Graduate Education | The National Labor Relations Board has ruled that graduate students at Brown and other private universities do not have the right to form unions—a decision that could thwart a three-year organizing effort at Penn.
In the majority opinion of the board, “Graduate-student assistants … are primarily students and have a primarily educational, not economic, relationship with their university.” The ruling, they wrote, “turns on our fundamental belief that the imposition of collective bargaining on graduate students would improperly intrude into the educational process.”
Penn’s administration, which has opposed the unionization drive here, applauded the July decision. “We are pleased that this ruling is behind us so that we can move forward with our commitment to strengthening graduate education at Penn,” President Amy Gutmann announced. “We are eager to work with our faculty and graduate-student groups to ensure that we are providing the best possible educational experience for all of our graduate students in all of our graduate and professional programs.”
With the recent ruling—split 3-2, between Republican and Democratic appointees—the NLRB overturned its own 2000 decision, which had allowed New York University graduate students to form unions and sparked a flurry of organizing on other campuses like Penn.
In February 2003, an election was held to determine whether Penn graduate students would unionize. The University appealed to the NLRB, and the votes were never counted. Graduate students who support a union held a two-day strike this past February to protest the impasse. Penn’s case has now been referred to a regional director in Philadelphia for a decision.
“I will call it a completed issue when we have a ruling in our case but I think the overwhelming logic of the Brown findings would lead inevitably to the conclusion that the finding in Brown will lead to an identical finding in Penn,” said Interim Provost Peter Conn.
Dillon Brown, a graduate student in English and a spokesperson for Graduate Employees Together-UPenn, said his group was “deeply disappointed” in the July decision, which “relies on an outmoded, highly romanticized view of higher education. It fails to recognize the growing casualization of academic employment—the use of graduate assistants and adjuncts to do what tenured faculty used to do.” In spite of this set-back, he said, GET-UP “will continue organizing to improve the lives of Penn’s graduate employees, working for reforms that would make the University a better, fairer, and more democratic institution. We are well aware that such changes rarely come via legal niceties from above, but from extended, concerted efforts by the people who see the need for such change in its most immediate way. GET-UP plans to continue to organize until the force of our logic becomes institutionally irresistible.”
Union supporters at Penn seek higher pay for graduate students’ work as teaching and research assistants, as well as more training and other improvements. Administrators point to the pay and benefits package they already receive, such as free tuition, insurance, and annual stipends of $15,000 or higher.
Conn said the NLRB ruling “articulates the position that this university and every other private university has been defending, by holding very properly that our graduate students are students and are not in any meaningful sense employees within the meaning of the National Labor Relations Act.”
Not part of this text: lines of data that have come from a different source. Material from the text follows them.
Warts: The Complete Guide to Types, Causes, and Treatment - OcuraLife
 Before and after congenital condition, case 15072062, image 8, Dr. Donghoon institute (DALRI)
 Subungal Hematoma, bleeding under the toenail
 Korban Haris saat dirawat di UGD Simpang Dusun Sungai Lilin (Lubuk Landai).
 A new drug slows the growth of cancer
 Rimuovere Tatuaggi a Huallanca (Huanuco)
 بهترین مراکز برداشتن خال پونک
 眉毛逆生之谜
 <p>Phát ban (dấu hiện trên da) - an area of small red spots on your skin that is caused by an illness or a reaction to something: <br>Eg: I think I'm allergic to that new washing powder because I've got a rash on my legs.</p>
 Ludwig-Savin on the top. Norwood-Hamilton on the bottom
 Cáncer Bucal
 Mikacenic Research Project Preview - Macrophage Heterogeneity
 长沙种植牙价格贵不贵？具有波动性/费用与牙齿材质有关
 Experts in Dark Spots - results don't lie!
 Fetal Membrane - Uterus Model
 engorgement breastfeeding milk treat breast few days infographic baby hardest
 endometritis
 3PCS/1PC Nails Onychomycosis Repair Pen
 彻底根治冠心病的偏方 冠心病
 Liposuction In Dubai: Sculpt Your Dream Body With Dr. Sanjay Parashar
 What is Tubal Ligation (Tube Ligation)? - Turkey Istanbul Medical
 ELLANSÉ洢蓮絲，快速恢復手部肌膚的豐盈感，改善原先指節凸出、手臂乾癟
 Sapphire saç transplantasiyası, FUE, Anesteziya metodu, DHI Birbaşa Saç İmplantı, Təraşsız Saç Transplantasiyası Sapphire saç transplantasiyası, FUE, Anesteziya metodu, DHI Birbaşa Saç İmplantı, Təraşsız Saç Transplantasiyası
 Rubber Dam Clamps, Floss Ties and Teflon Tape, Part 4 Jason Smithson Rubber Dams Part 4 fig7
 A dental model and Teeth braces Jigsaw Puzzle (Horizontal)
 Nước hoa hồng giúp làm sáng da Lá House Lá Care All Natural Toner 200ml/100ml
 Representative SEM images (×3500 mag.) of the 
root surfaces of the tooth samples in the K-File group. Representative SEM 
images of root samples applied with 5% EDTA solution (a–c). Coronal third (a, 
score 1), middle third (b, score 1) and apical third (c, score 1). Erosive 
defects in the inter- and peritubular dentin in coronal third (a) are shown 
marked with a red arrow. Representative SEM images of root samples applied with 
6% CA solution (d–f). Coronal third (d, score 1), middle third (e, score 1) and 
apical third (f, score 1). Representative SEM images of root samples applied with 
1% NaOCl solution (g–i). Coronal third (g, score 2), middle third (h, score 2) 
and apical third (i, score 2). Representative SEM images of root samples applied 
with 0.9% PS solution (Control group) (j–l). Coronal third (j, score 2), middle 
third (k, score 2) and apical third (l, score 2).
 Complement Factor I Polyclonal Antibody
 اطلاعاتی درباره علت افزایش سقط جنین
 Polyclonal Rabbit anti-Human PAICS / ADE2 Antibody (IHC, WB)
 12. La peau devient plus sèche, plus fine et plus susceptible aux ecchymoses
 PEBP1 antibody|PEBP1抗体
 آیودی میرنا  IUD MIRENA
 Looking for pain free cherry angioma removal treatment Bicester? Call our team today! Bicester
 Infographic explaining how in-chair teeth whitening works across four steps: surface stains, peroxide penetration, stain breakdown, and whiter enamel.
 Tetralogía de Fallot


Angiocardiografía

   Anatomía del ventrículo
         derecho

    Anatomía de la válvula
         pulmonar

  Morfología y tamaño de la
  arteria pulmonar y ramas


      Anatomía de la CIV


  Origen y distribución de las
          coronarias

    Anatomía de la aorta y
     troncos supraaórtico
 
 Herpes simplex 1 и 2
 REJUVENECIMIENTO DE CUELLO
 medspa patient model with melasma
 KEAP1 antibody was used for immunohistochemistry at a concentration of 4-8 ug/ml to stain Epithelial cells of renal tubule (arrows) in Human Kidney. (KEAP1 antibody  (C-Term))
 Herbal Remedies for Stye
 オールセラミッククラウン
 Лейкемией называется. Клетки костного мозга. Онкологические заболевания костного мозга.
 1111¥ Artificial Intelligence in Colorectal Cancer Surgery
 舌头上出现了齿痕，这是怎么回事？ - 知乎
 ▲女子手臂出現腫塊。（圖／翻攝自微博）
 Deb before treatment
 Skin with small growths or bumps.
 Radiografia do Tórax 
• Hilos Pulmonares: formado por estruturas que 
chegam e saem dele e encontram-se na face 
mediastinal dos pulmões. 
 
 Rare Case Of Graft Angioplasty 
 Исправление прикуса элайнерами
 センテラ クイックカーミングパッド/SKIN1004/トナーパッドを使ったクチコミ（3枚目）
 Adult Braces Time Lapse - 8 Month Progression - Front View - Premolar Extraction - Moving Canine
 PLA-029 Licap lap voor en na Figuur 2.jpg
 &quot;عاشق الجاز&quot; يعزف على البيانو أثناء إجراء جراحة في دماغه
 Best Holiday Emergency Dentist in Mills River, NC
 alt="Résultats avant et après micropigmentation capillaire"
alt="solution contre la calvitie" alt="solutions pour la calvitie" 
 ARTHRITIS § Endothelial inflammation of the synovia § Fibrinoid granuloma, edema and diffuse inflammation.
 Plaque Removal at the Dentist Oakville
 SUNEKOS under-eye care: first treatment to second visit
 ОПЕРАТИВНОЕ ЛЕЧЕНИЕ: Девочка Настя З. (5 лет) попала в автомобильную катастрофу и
Conn added, “Our students come here for academic reasons to work with one of the finest faculties in the country to be trained toward the Ph.D. They are evaluated throughout the course of their career, taking exams, doing coursework and research, and eventually graduate as professionals. The teaching that they do is integrally related to their training.”
In a dissenting opinion, two NLRB members wrote that the ruling “errs in seeing the academic world as somehow removed from the economic realm that labor law addresses—as if there was no room in the ivory tower for a sweatshop.” They added, “Today the academy is also a workplace for many graduate students, and disputes over work-related issues are common. As a result, the policies of the [labor act]—increasing the bargaining power of employees, encouraging collective bargaining, and protecting freedom of association—apply in the university context, too.”
The dissenters also cited studies “ignored by the majority, which show that collective bargaining has not harmed mentoring relationships between faculty members and graduate students.”
Conn emphasized Penn’s past and continued support for graduate education. “We have worked hard as a university, and school by school, to create both educational and financial resources that permit these students to make good progress aside from the elevation, year by year, in stipend levels,” he said. “Just within the last three years, we have added full-payment of the health premium for fully funded Ph.D. students through six years, and we have opened the Graduate Student Center in which we made a substantial investment.” In both cases, he added, “these steps were taken in consultation with elected graduate-student leadership [Graduate and Professional Student Assembly and Graduate Student Associations Council], who have played historically and continue to play an extremely important role in representing the interests of graduate students. We have no intention of slowing down in our efforts to continue improving the educational and financial circumstances for our students.”—S.F.